Touching upon the secretive nature of the controversial movement, the writer stated that the Los Angeles Times daily paid a visit last year to the compound where Gülen lives, but "couldn't get a word out of him." Mentioning another attempt to have information about the group, he said that Forbes reached out to two U.S. based Gülenist institutions, one of which reportedly responded. Harun Çelik from the Gülen-affiliated Hampden Charter School of Science in Chicopee, Massachusetts, was quoted as denying any sort of connection to the group. The author also said that Çelik did not want to discuss Gülen with him.
"Based on American court records, Gülen's businesses are valued between $20 billion to $50 billion worldwide," he added, further explaining the group's secret agenda.
"His non-profits, including the schools, also make political donations. If they do not do so directly, then the movement's followers do instead, including the presidential campaigns on the Democratic side," he said.
Touching upon the aim of the free trips organized by Gülenists for U.S. Congressmen, he underlined that the movement wants to have more influence on the congress. "Many politicians have been on the receiving end of funds and free trips to Turkey. It made sense," he added.
Mentioning Gülen's pro-American stance, he said that the former imam has been quoted as saying he wouldn't do anything to undermine America's interests in the Middle East, or its relationship with Turkey.
Rapoza further added that Andrew Durkovic, an attorney with Amsterdam & Partners, a law firm employed by Turkey to assist in the global investigation into the Gülen Movement, said that Gülen is "after power in Turkey."
"He would like to overthrow Erdoğan," he was also quoted as saying in the article.
"Money is also a motivation. In 2013, the Texas charter schools alone, Gulen's groups generated over $200 million in revenue," Durkovic told Rapoza in the piece, further adding that the money is used to "bribe and coerce a sovereign nation from the United States."
Touching upon the MİT trucks case purported by Gülenists to further spread the slander that "Turkey supports the Daesh terrorist organization," Durkovic explained the secret agenda behind the incident.
"The recent seizure of purported Turkish weapons at the Syrian border, for example, was orchestrated by Gülenists inside the Turkish government, and begs the question of how the entire confrontation was caught on video," he said.
Rapoza also claimed that Gülen is considered by his followers to be the "12th Imam," a concept of Shia Islam standing for the "Second Coming" that will unite all of Islam.
"If Gülen's words weren't so peaceful, the wealthy businessman-preacher would be just as much as a worry here as he is in Turkey," he added.

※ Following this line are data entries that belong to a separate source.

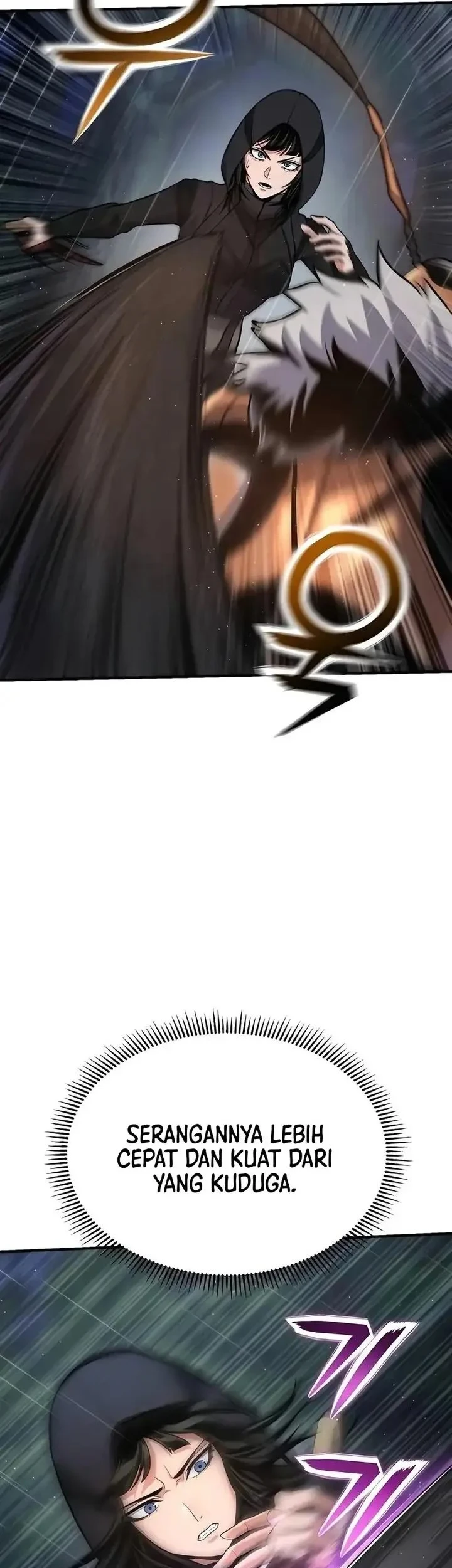 National Power Level Labyrinth Designer Chapter 20 Gambar 29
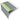 ASL27 75x58mm Tredsafe DDA Compliant Aluminium Non Slip Stair Nosing - Straight With Pvc Insert - Cayrus World of Finishing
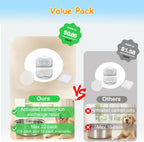 Replacement pump sponges for Oneisall pet water fountain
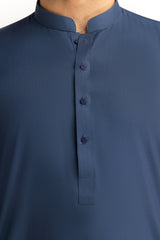 Essenza Unstitched Fabric Blended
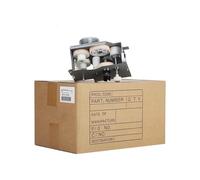 PCXDOLNJ Kit d'assemblage de 2ème engrenage d'entraînement Original, for V80 V180 170i V180i V2100 3100 3100i, 007K22543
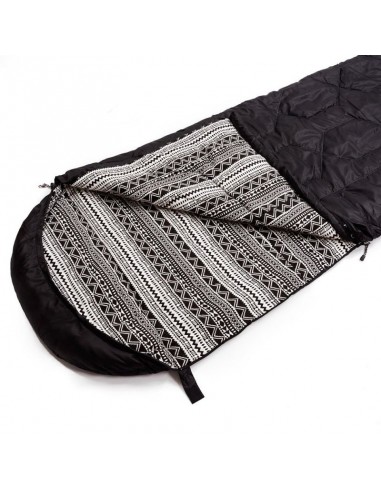 Sleeping bag Meteor Timber 81152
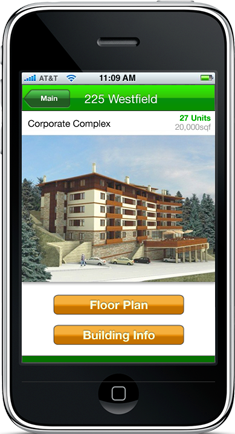 BIMstream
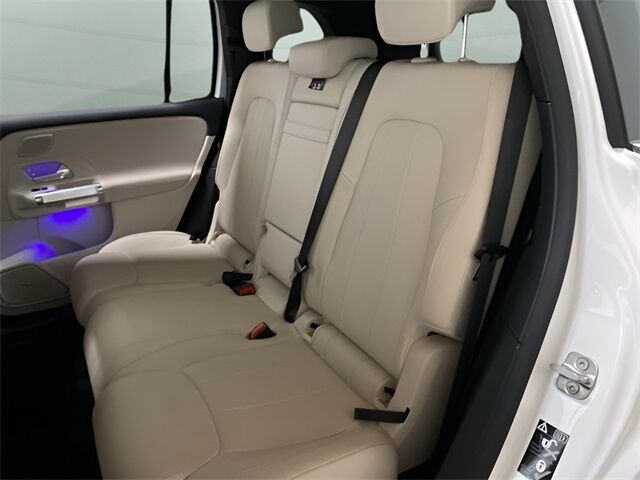 2023 Mercedes-Benz EQB 300 4MATIC&reg; Dallas TX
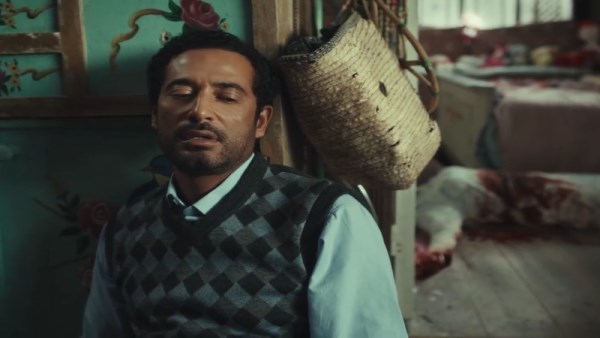 عمرو سعد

Mentioning the global aims of the group, Rapoza said that Gülen has operations in over 100 countries, and some states have banned affiliated institutions. "They have been watched closely by the Russian government for over 10 years," he said, adding that over 20 Turkish Gülenists were deported from Russia between 2002 and 2004. Rapoza also said that Pakistan is now watching the group closely.
Mentioning President Recep Tayyip Erdoğan's remarks about Gülen's extradition from the United States, he quoted Erdoğan as saying "I told Obama that the person who is responsible for the unrest in Turkey lives in your country, in Pennsylvania. I told him 'I expect what's necessary to be done.' You have to take the necessary stance if someone threatens my country's security."
The Gülen Movement led by fugitive preacher Fetullah Gülen has been defined as the FETÖ/PDY, which stands for "Gülenist Terror Organization / Parallel State Structure" in records by many Turkish state institutions including Istanbul Police Department. The "parallel state" is a group of Gülenist bureaucrats and senior officials embedded in key posts of the country's institutions, including the judiciary and the police.
The 17-25 December 2013 coup attempt the group carried out revealed the fact that the clandestine network run by U.S.-based ex-imam Fetullah Gülen is responsible for having masterminded a plot to overthrow the then-Prime Minister Recep Tayyip Erdoğan's democratically elected Turkish government.
Fetullah Gülen has also been listed as a wanted terrorist by the Turkish Interior Ministry.